• Directions for this task:
In the data that follows, find the line with "シャツドッキングビジューニットトップス Mc 603"; transcribe it, every later line up to the one with "Guitar Stand for", and that line as well, exactly and with no others.

··· Exercise data

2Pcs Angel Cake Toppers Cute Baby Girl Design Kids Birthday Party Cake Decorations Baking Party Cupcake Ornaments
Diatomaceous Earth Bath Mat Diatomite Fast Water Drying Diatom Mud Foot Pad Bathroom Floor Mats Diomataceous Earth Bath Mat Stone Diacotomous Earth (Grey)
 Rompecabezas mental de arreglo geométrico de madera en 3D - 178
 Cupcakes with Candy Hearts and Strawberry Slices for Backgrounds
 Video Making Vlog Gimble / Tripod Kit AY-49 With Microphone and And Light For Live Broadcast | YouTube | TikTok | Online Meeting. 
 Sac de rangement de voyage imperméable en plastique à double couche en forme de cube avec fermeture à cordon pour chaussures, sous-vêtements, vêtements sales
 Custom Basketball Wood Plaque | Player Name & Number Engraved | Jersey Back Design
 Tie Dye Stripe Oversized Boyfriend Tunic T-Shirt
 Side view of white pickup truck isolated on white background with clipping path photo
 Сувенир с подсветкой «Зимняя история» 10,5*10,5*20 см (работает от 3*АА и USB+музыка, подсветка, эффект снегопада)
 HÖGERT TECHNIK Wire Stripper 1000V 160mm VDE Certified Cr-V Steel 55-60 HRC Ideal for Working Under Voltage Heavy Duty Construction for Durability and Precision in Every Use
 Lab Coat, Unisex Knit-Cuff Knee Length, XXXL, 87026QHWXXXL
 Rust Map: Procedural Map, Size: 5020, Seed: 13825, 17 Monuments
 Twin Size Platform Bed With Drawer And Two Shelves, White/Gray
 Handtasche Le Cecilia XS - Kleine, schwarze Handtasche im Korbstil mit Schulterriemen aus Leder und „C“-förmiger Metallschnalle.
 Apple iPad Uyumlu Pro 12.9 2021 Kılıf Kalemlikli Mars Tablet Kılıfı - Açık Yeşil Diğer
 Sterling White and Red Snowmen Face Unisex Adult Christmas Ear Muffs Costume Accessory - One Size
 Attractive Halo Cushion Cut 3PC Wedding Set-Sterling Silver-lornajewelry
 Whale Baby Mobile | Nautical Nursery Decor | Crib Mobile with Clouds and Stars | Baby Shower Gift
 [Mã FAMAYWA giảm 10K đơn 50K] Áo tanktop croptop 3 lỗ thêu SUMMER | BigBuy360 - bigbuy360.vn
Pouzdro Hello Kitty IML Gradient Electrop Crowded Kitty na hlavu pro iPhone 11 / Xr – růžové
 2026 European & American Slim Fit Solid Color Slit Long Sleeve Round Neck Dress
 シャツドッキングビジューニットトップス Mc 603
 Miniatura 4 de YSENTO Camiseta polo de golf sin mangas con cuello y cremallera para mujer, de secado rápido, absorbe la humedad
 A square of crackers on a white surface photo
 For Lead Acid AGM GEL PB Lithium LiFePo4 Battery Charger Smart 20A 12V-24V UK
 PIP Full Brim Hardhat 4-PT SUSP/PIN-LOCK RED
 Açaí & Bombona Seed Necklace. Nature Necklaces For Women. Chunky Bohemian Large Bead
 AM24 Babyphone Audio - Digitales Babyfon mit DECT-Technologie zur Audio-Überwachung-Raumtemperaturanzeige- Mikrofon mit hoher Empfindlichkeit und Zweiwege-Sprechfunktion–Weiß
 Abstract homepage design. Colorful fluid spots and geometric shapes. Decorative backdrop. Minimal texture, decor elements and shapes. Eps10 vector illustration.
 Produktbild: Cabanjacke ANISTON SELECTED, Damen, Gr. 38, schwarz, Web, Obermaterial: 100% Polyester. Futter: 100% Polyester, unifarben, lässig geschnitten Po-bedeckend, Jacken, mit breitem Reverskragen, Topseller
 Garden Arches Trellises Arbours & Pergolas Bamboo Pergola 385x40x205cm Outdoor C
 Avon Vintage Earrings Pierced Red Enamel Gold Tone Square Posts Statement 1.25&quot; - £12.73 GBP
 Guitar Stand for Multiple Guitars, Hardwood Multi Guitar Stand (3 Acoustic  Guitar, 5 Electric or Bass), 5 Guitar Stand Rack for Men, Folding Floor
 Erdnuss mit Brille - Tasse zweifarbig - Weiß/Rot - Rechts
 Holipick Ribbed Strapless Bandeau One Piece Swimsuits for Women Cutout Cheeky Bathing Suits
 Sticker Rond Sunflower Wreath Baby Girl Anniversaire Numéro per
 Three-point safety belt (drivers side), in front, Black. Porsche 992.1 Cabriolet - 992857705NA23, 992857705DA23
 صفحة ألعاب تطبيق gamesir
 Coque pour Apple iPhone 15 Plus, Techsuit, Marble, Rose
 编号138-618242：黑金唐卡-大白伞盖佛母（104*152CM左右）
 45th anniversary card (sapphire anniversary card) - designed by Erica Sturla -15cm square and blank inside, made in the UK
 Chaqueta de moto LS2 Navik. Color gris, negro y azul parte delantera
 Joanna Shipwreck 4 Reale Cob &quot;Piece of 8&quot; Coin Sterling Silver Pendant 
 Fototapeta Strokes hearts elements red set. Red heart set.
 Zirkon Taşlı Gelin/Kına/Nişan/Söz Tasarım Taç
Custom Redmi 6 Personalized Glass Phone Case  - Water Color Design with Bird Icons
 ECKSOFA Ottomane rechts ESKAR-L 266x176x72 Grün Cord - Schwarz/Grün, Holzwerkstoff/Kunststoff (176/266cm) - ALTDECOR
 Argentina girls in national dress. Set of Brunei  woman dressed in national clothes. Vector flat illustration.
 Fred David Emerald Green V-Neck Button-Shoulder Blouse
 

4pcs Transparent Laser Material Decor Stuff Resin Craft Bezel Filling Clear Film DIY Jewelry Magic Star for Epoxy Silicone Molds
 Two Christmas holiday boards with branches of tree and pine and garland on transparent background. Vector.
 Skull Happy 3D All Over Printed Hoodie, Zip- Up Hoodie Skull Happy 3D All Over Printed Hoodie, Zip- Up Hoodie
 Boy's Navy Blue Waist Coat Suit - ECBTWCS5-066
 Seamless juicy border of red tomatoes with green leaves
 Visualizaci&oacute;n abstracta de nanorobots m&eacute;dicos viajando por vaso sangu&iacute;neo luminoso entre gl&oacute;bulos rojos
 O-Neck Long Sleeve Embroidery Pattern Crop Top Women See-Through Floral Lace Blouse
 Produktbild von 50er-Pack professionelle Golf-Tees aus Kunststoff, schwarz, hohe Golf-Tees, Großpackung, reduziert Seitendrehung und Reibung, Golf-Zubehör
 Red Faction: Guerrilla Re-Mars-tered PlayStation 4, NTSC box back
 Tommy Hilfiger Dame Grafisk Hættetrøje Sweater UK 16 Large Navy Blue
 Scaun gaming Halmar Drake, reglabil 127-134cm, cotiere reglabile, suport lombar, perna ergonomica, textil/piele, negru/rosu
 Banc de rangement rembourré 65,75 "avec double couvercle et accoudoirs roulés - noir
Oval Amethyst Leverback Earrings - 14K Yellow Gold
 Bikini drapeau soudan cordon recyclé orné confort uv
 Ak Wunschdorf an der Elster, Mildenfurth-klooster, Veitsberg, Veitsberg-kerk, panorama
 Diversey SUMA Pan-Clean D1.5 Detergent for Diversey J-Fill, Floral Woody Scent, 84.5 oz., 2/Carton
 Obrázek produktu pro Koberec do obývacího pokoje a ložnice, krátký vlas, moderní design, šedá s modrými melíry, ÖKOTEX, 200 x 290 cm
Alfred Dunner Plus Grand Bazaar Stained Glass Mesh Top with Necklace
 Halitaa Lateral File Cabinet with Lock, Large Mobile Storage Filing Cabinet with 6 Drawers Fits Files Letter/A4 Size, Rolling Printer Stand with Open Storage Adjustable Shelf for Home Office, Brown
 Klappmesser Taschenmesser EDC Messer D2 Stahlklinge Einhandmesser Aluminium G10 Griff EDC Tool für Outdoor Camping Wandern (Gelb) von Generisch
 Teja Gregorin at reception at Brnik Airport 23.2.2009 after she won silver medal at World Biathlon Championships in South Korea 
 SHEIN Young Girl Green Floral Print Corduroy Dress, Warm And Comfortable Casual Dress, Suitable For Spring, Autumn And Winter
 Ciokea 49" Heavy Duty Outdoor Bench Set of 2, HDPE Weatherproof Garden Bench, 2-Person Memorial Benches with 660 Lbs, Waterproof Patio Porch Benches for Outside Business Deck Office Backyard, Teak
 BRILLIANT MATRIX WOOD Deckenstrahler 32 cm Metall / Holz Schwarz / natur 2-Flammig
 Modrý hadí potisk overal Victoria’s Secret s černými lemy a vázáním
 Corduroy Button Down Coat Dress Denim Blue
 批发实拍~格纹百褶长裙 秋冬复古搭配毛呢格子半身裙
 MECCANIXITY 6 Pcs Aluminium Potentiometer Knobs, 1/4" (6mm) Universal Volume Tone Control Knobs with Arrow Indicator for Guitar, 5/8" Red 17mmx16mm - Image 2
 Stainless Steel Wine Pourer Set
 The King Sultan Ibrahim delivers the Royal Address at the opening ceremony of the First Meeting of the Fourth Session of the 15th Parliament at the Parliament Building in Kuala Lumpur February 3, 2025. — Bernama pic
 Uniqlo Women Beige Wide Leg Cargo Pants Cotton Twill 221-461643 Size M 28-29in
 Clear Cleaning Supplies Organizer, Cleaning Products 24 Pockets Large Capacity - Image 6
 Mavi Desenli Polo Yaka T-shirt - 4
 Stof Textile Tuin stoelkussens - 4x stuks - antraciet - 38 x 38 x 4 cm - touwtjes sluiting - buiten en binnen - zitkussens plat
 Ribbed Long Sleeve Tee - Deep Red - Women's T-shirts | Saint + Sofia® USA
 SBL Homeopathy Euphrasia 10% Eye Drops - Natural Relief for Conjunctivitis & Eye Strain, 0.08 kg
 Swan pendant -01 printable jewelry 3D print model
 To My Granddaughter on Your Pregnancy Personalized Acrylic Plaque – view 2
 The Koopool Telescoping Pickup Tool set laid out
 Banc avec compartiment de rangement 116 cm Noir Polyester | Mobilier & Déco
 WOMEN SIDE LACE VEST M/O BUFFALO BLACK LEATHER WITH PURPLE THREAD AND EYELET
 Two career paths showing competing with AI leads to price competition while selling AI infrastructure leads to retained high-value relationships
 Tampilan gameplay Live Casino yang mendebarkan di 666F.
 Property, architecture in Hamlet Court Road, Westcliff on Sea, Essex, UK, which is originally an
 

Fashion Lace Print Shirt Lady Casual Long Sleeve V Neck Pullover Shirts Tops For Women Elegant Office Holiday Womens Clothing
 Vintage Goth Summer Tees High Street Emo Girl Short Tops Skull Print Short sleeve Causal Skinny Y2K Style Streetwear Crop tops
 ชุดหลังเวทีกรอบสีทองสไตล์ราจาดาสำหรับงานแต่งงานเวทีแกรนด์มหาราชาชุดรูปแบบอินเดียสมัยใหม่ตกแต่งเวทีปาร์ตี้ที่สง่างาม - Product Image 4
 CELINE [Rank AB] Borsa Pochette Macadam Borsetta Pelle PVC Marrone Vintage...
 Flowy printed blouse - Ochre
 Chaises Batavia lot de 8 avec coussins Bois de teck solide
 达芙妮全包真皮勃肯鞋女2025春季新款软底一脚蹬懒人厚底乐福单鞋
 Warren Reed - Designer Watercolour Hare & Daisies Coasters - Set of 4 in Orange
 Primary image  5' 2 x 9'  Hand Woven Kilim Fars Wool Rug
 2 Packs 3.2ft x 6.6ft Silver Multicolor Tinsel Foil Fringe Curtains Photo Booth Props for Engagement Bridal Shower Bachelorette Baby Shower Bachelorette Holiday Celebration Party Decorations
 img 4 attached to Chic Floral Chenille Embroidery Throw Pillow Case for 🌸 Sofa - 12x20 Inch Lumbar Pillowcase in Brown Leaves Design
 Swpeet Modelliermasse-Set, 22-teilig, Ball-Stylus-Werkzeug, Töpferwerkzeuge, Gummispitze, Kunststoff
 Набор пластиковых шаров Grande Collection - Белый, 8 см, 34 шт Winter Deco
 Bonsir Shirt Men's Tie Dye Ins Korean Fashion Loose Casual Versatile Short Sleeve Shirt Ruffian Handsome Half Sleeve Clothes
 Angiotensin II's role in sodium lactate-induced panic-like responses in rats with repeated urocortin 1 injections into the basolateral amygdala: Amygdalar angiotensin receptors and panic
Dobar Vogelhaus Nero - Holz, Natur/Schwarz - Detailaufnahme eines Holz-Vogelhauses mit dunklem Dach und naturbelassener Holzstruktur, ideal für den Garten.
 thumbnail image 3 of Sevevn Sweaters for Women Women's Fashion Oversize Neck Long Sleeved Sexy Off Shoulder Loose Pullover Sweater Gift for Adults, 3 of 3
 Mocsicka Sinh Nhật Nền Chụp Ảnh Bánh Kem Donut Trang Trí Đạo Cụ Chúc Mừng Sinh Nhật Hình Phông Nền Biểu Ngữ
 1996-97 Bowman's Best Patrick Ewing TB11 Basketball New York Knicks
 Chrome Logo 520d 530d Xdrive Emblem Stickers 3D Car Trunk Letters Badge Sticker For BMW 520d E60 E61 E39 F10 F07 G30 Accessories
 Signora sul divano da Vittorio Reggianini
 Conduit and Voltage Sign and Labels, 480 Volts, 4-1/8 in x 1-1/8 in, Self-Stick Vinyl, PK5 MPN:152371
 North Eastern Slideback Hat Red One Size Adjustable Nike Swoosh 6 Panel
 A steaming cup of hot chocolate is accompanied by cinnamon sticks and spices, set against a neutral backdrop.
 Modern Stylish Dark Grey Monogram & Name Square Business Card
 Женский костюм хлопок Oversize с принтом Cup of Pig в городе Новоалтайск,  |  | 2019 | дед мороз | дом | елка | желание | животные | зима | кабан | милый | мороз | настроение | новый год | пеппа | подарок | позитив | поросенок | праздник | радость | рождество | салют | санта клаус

······

• Answer section:
 シャツドッキングビジューニットトップス Mc 603
 Miniatura 4 de YSENTO Camiseta polo de golf sin mangas con cuello y cremallera para mujer, de secado rápido, absorbe la humedad
 A square of crackers on a white surface photo
 For Lead Acid AGM GEL PB Lithium LiFePo4 Battery Charger Smart 20A 12V-24V UK
 PIP Full Brim Hardhat 4-PT SUSP/PIN-LOCK RED
 Açaí & Bombona Seed Necklace. Nature Necklaces For Women. Chunky Bohemian Large Bead
 AM24 Babyphone Audio - Digitales Babyfon mit DECT-Technologie zur Audio-Überwachung-Raumtemperaturanzeige- Mikrofon mit hoher Empfindlichkeit und Zweiwege-Sprechfunktion–Weiß
 Abstract homepage design. Colorful fluid spots and geometric shapes. Decorative backdrop. Minimal texture, decor elements and shapes. Eps10 vector illustration.
 Produktbild: Cabanjacke ANISTON SELECTED, Damen, Gr. 38, schwarz, Web, Obermaterial: 100% Polyester. Futter: 100% Polyester, unifarben, lässig geschnitten Po-bedeckend, Jacken, mit breitem Reverskragen, Topseller
 Garden Arches Trellises Arbours & Pergolas Bamboo Pergola 385x40x205cm Outdoor C
 Avon Vintage Earrings Pierced Red Enamel Gold Tone Square Posts Statement 1.25&quot; - £12.73 GBP
 Guitar Stand for Multiple Guitars, Hardwood Multi Guitar Stand (3 Acoustic  Guitar, 5 Electric or Bass), 5 Guitar Stand Rack for Men, Folding Floor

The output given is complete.